The first day on my new job, I sat next to a woman who heaved an exasperated sigh before starting work. Seconds later, her headset in place, she chirped out a cheerful yet courteous hello into the receiver. The ease with which she flipped the switch was slightly terrifying, her darker mood immediately returning once she hung up. It was my welcome into the weird world of telemarketing.
Currently temping at a small language services company as a glorified telemarketer, I spend seven hours of my day immersed in the constant din of high-pitched chatter. We cajole, encourage, and placate, gesticulating into the air or bowing in front of our computers as we say goodbye, as if, despite the telephone’s long history, we still can’t shed the desire to interact in person. Our unconscious movements imply that the distance is something that shouldn’t be, even if the invention of the telephone has made possible the mere existence of the exchange. Communication seems a distant dream as we cock our heads at our screens or shrug helplessly at whosever eye we happen to catch. We talk and giggle, suck on cough drops by mid-afternoon, and nurse sore throats on the commute home.

And as the falsity of my current telephonic interactions threatens to permeate reality, I’ve taken to glancing in that narrow space between my computer screen and the phone. Nestled there, blending into the unremarkable cubicle wall, sits my gray Ride.Studio.Cafe water bottle, scarred black in places by my bottle cage. It gets refilled, swigged from, and picked up several times a day, its weight and shape a comforting reminder. But it is its simple slogan, to “Ride. Rest. Repeat.,” that has been my saving grace of late.
Because raised in a Japanese family, my parents had always insisted that I take whatever task I endeavor, seriously. “We don’t care what you choose to do [except we really do], just as long as you take it seriously,” they said. And though this primarily applied to grades and other external measures of success, the attitude left me with a tendency to throw my everything into the things I undertake. But when too many hours of my day are spent at a job, which, if taken seriously, could only lead to dementia, I hunger for a spark, a sign, some indication that dreams don’t all die at underemployment’s door.
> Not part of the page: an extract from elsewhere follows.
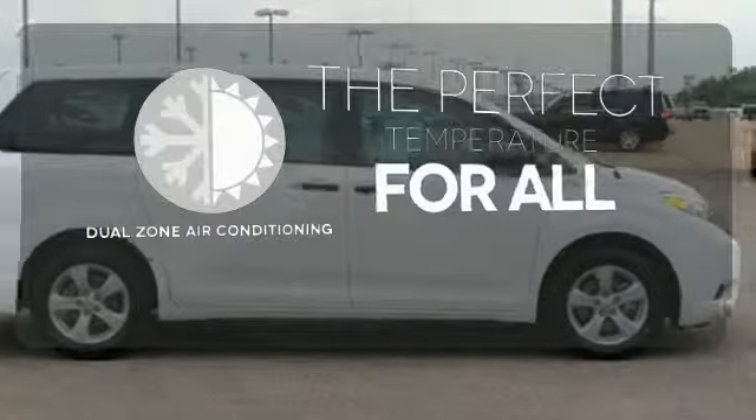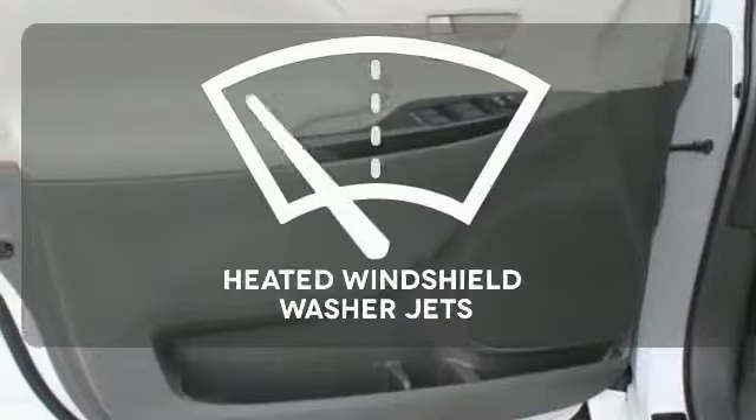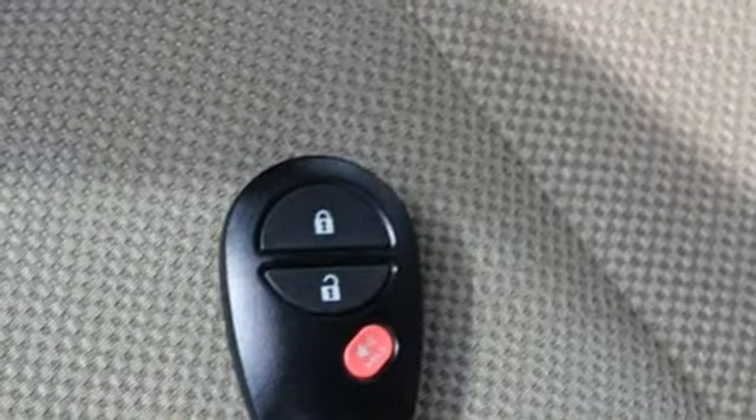It's too hot, it's too cold — not anymore, with dual zone air conditioning. Driving in cold weather is a little safer with the heated windshield washer jets. This minivan will give you all the room and performance you're looking for.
So my mornings, which start before the sun rises to squeeze in whatever time I can on the bike, have become more desperately meditative than their initial purpose to simply “stay fit.” I push the pedals as if chasing down ambition’s escaping wheel, despite the irony of remaining stationary on the rollers. And even on my “easy” days, I will too easily drive my legs into painful exhaustion, knowing I can relish the burn in my thighs later, when I’m trapped in a chair, counting down the minutes until the end of the day. Because for now, there is nothing I’d rather do, than “ride. Rest. Repeat.”
Viewed objectively, my stubborn focus on riding seems almost silly: the world is on the brink of a global recession, I’m probably drinking radioactive water, and Mitt Romney could be the next President. But it reminds me, too, that I am extremely lucky in having found a passion that I am not willing to compromise. It makes me more selfish and more anti-social than I probably should be, but torn away from friends and [bike] family, I eagerly exit the doors every day to return to two bicycles with some dangerously worn down parts, and a pair of chamois shorts I pray will get me through the winter.

The resulting sense of purpose – of something to go home to, I suppose – also suggests that perhaps my life is not so dispensable. That I am not defined, in any way, by the title of my current position of employment. And when the next day, and the next, and the one after that, only brings with it a mind-numbing, menial job, where the petty politics of the workplace seem to rule, that feeling is a priceless asset.

“You know, when I saw you carrying that, I realized, I haven’t seen a bike water bottle in so long, “my co-worker said as he lay, sprawled across one of the couches in the break room.
“Oh, cool,” I said, before changing the subject, reluctant to discuss cycling. I looked at my bottle again after he left, and traced the words with my eyes for the rest of the day until I scooted out the automatic doors, and exhaled.
I pointed my feet towards a train station and home, to ride, rest, repeat, again.